Problem >> Please repeat, exactly and without pictures, the lines of the entries below that run from the one containing "Le Pull Tricoté" through the one containing "[크기변환](11.1)[포토뉴스] 담양군, 서울시".

Task input >>
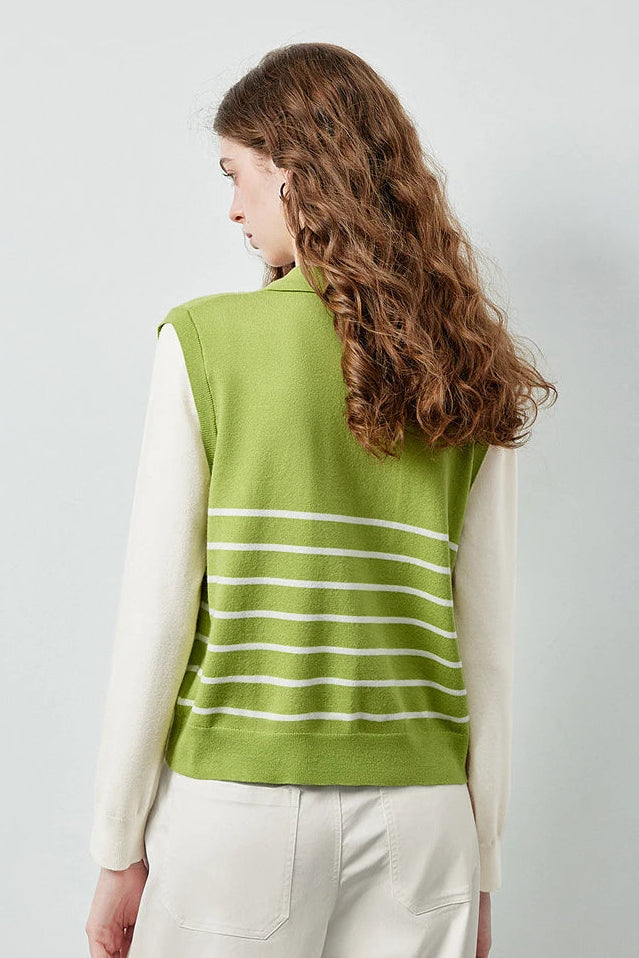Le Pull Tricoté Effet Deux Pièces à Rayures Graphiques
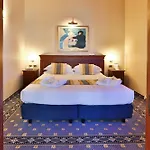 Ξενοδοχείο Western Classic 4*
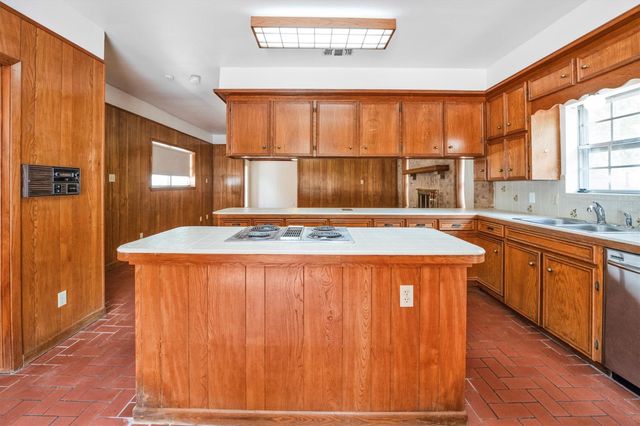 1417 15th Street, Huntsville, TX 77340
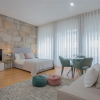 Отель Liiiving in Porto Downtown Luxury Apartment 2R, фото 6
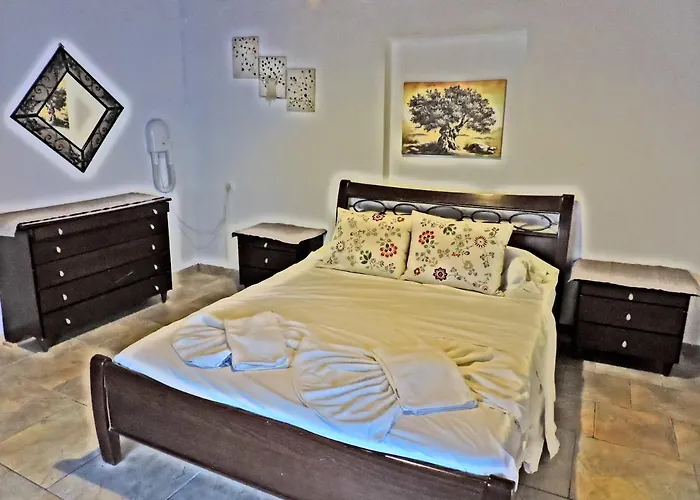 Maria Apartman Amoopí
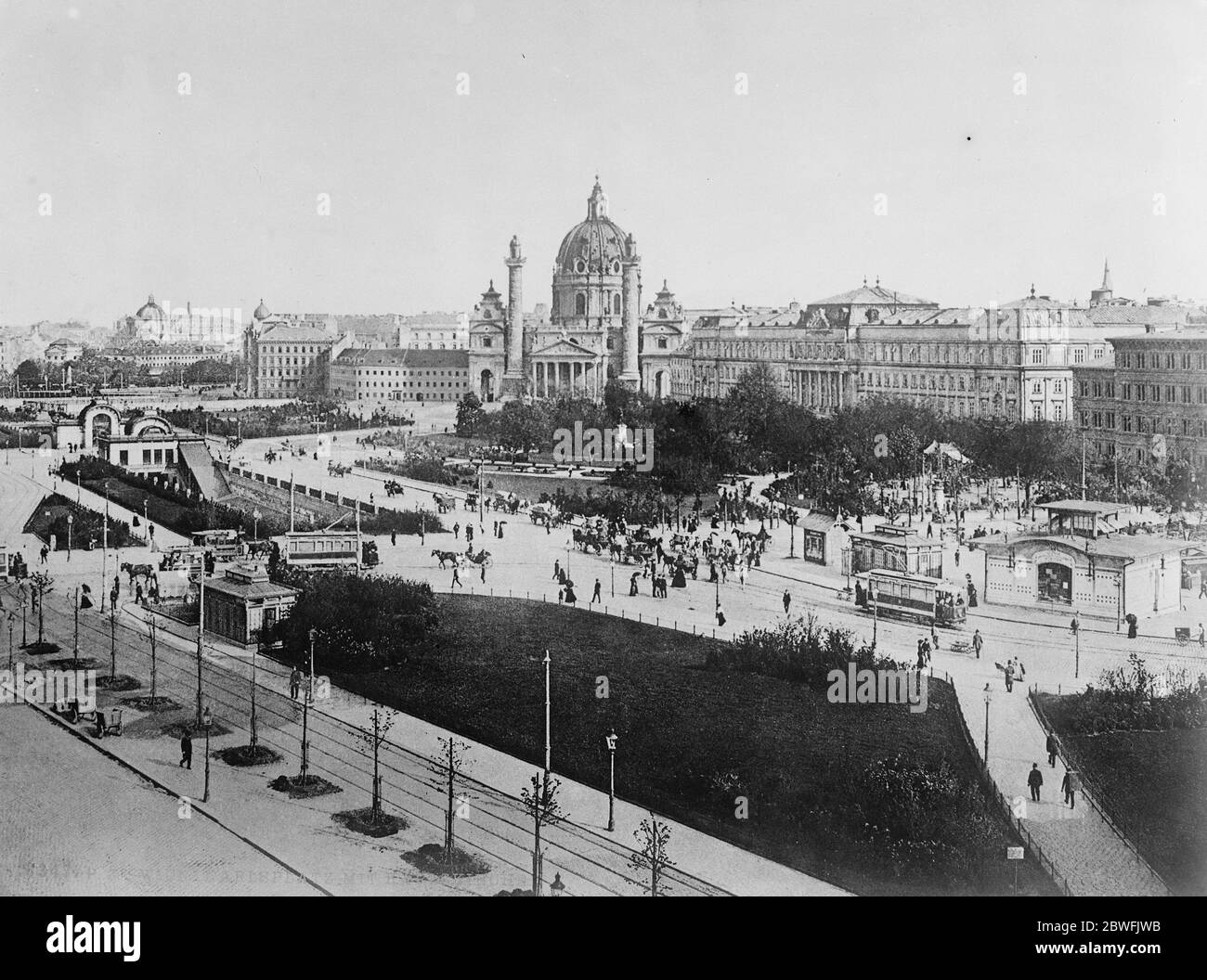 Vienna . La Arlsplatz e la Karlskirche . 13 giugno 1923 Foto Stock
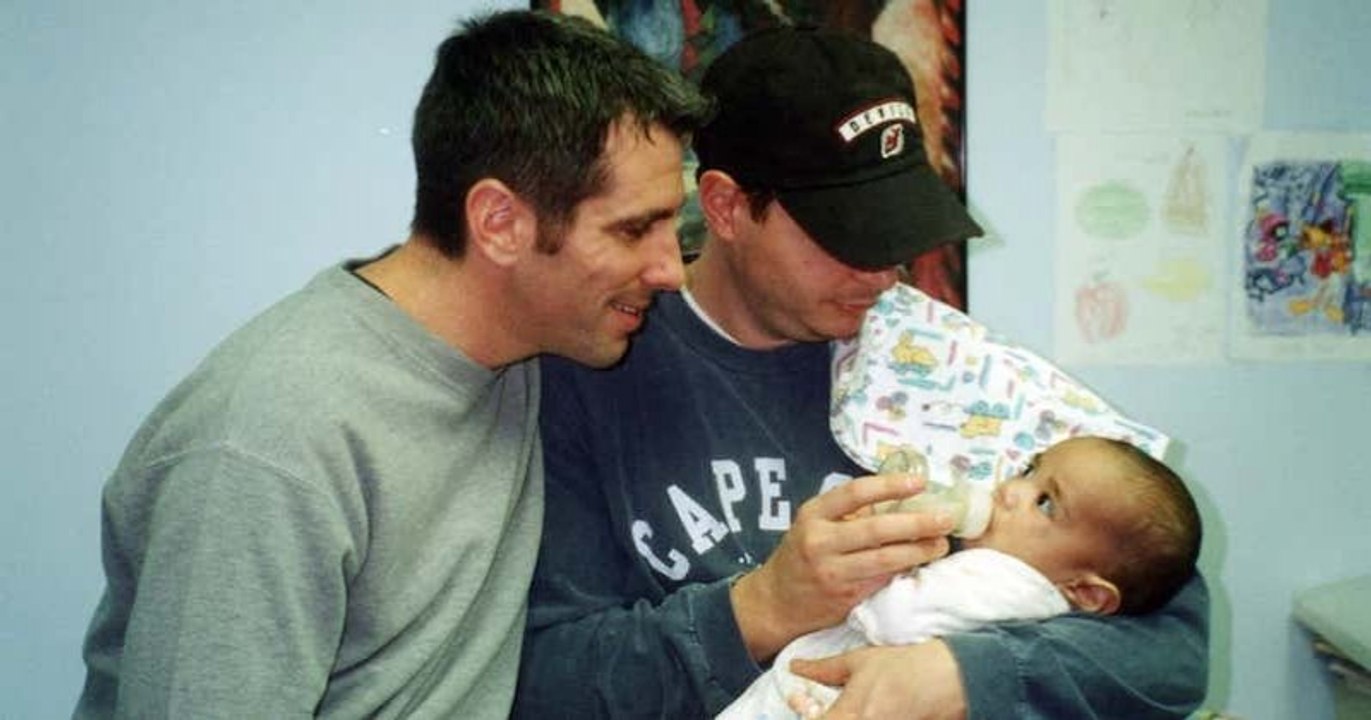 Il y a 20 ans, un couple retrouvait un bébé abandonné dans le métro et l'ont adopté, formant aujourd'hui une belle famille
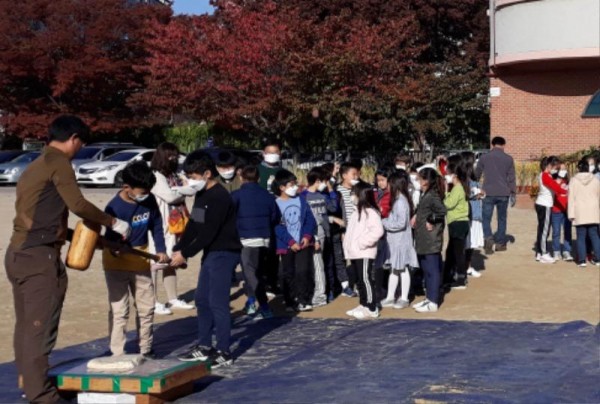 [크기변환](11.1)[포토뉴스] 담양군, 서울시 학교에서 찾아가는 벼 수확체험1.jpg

==

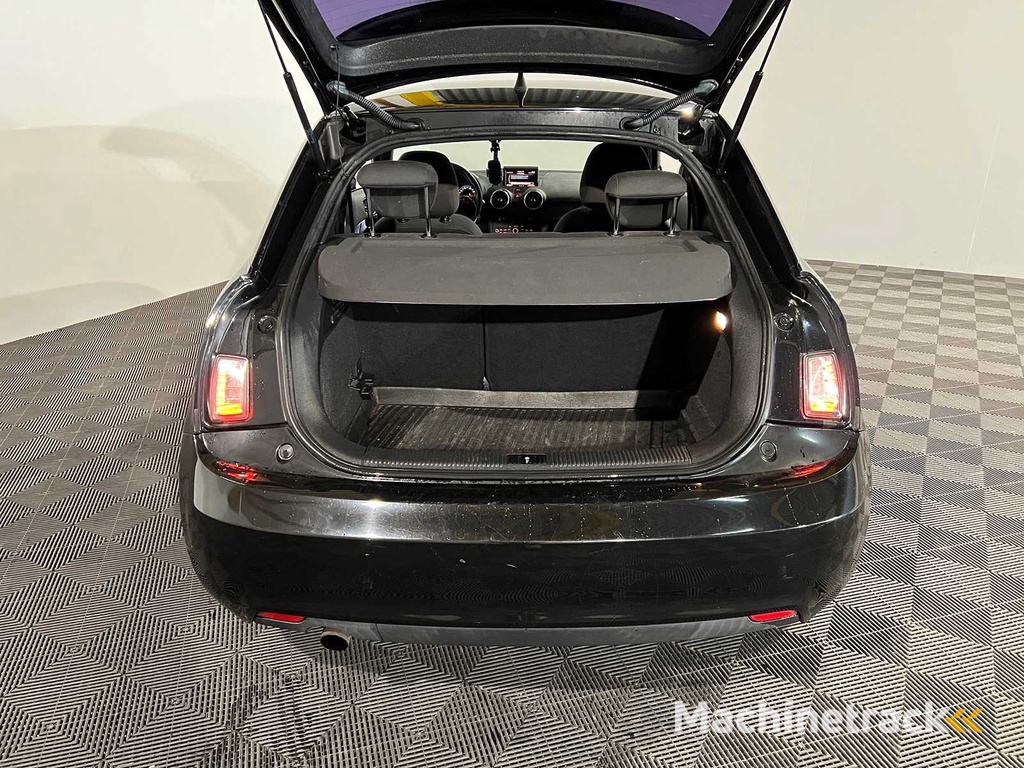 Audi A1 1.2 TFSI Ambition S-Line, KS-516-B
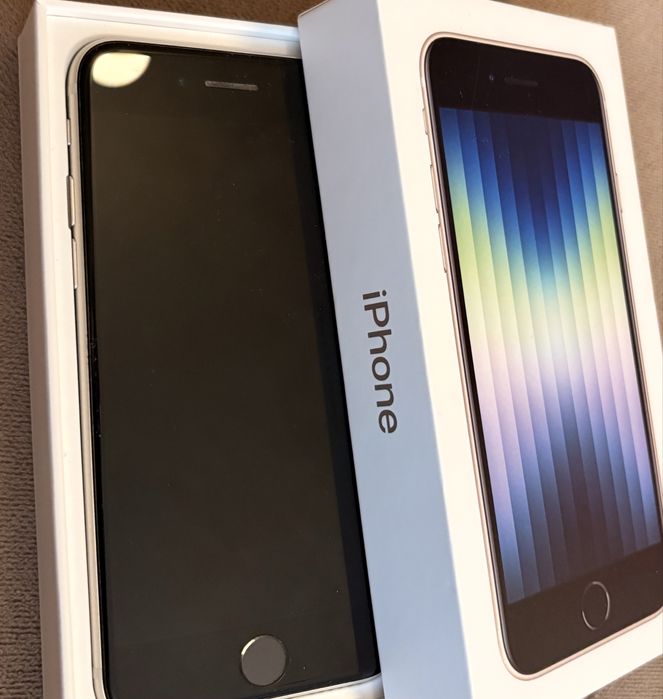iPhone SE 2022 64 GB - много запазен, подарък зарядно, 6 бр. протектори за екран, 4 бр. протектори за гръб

Output for this exercise >>
Le Pull Tricoté Effet Deux Pièces à Rayures Graphiques
 Ξενοδοχείο Western Classic 4*
 1417 15th Street, Huntsville, TX 77340
 Отель Liiiving in Porto Downtown Luxury Apartment 2R, фото 6
 Maria Apartman Amoopí
 Vienna . La Arlsplatz e la Karlskirche . 13 giugno 1923 Foto Stock
 Il y a 20 ans, un couple retrouvait un bébé abandonné dans le métro et l'ont adopté, formant aujourd'hui une belle famille
 [크기변환](11.1)[포토뉴스] 담양군, 서울시 학교에서 찾아가는 벼 수확체험1.jpg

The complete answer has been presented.